In this manner, democracy and the rule of law have completely disappeared. Adding insult to injury, Hungary’s universities have also suffered from unbridled political centralization. The forced relocation of the Central European University from Budapest to Vienna sent a powerful signal about the limits of academic freedom under Orban’s Gangsterocracy. Many public universities were later transferred into foundation by boards populated with Orban’s close political allies, opening the door to even more outrageous corruption. Clearly, Hungary has become a tyranny. This is the defining legacy of the Orban era. Needless to say that this hopeless plunge into the deepest levels of existential hell will carry devastating long-term consequences.

Unquestionably, the new TISZA Party government, provided that they defeat Viktor Orban’s Gangsterocracy, will have a great number of daunting tasks ahead of itself. Most importantly, they must realize that every nation has a mission in the global context of the community of nations. Therefore, domestically the new government must restore constitutional democracy and the rule of law. To accomplish these objectives it must reestablish judicial independence, constitutional oversight, the independent regulatory system, and fair electoral rules.
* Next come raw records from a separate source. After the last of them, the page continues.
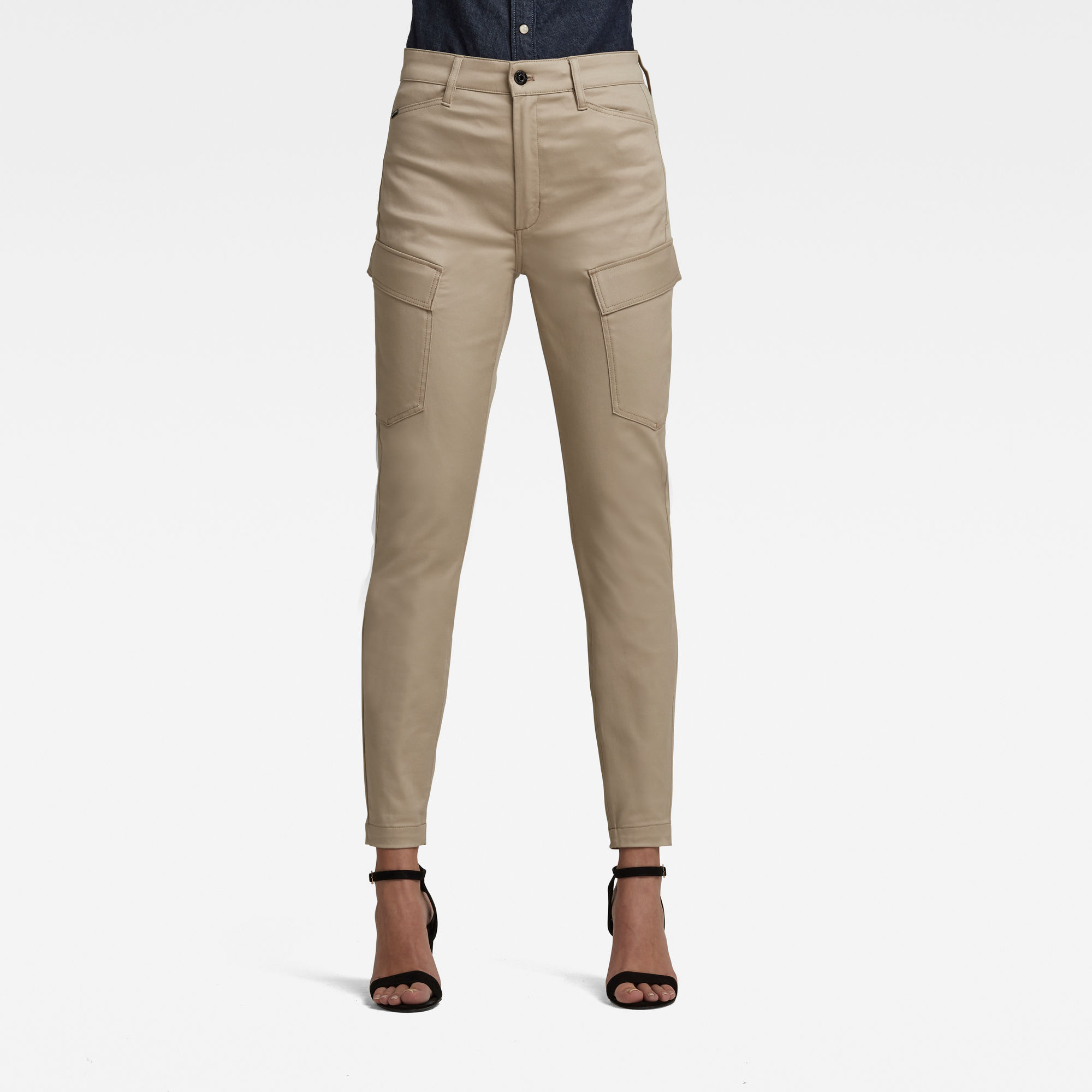 G-Star RAW Dames High G-Shape Cargo Skinny Broek Beige G-Star RAW Dames High G-Shape Cargo Skinny Broek Beige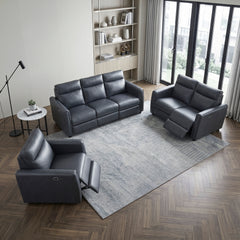 Equinox Gray Power Reclining Chair With Rounded Track Arms - Ornate Home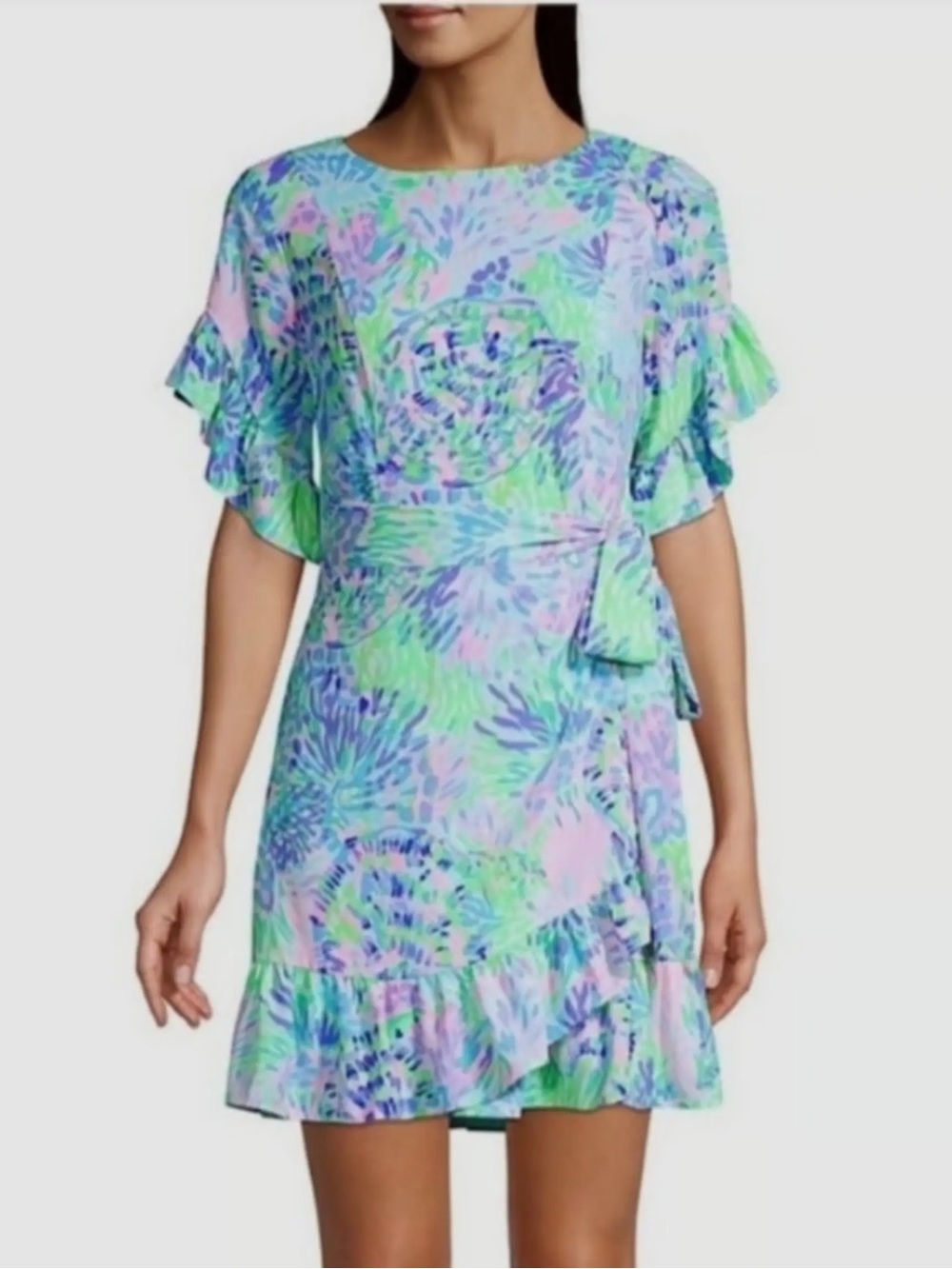 Lilly Pulitzer Darlah Ruffle Wrap Dress In Multi Shell Of A Party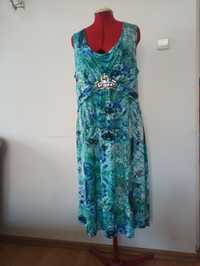 Sukienka kolorowa turkusowo-niebieska
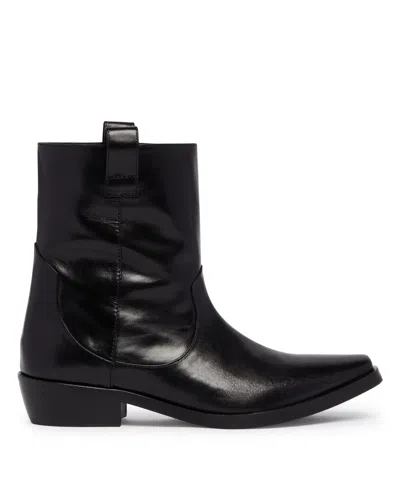 Jude Black Leather Ankle Boots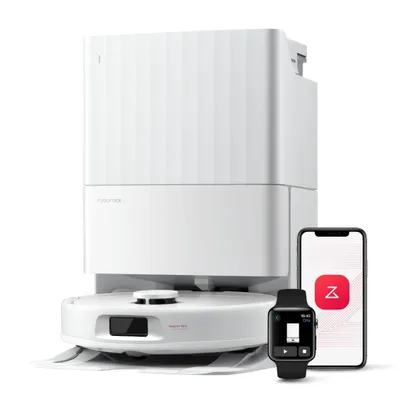 A white robot vacuum cleaner with an all-in-one dock, a smartphone, and a smartwatch are displayed against a white background.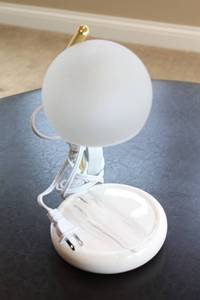 lot 54 image: Modern White Table Lamp with Glass Shade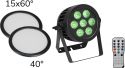 Outdoor Lightning, Eurolite Set LED IP PAR 7x8W QCL Spot + 2x Diffuser Cover (15x60° and 40°)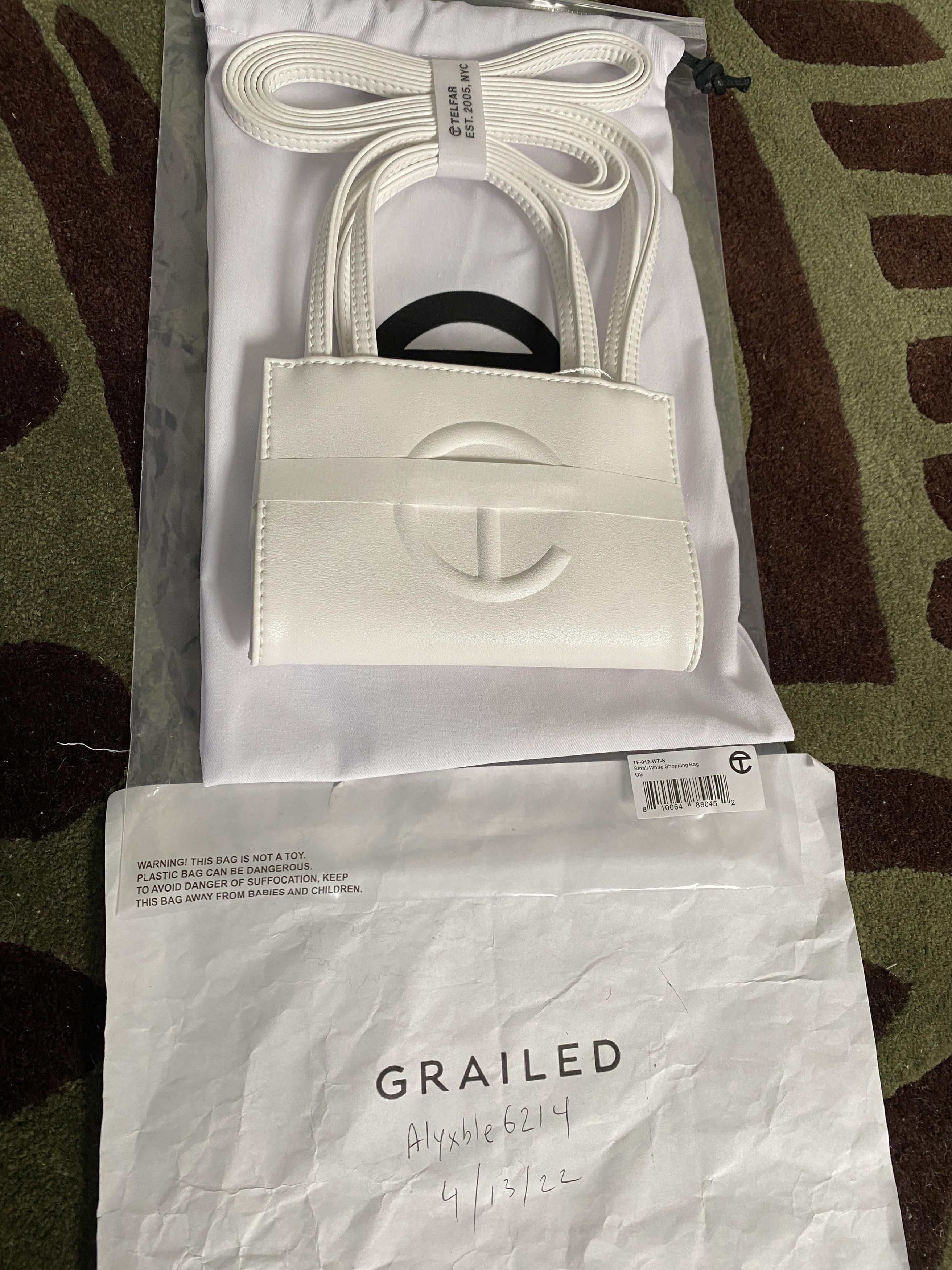 Telfar telfar small shopping bag tote-white Size ONE SIZE - 5 Thumbnail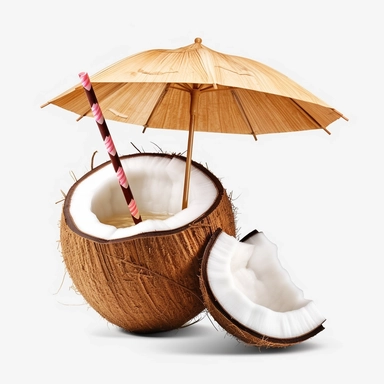 Coconut Drink clipart: A coconut with a straw and an umbrella, symbolizing tropical beverages and relaxation, white background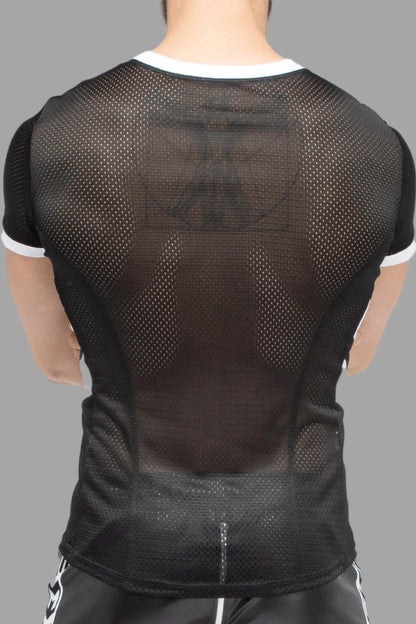 Skulla. Mesh T-Shirt. Black+White - MTS103-Y1 - www.maskulo.berlin - Local store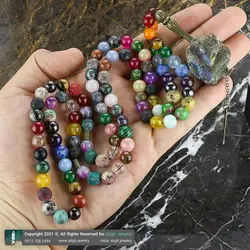 تسبیح و گردنبند لوکس احجار الشفا (سنگ درمانی) 43 نوع سنگ، هفت سنگ چاکرا، حدید محافظ هاله انرژی 101 دانه دستساز با شیخک لابرادوریت راف معدنی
Second, it must eradicate corruption and reestablish transparency. Third, rebuild relations with the European Union. Third, it must stabilize the economy and the country’s finances. Fourth, it must restore the independence of the information environment, especially the independence of the media. Fifth, it must undertake local government and administrative reforms. Sixth, it must restore public services in education, health care and civil services.

Even more generally, ego-driven politics must end and strategic thinking must emerge. In foreign affairs, the new government must realistically assess Hungary’s place and role within the European Union as well as NATO, forgetting about the idiocy of Viktor Orban’s “Sovereign Autonomy” and his self-serving, politically corruption-laden “Eastern Opening” to the Russian Federation and the People’s Republic of China. Hungary’s long-lasting agony must end. The only way to achieve this objective is to restore sanity and stability – and, in the near future, social normalcy to Hungary.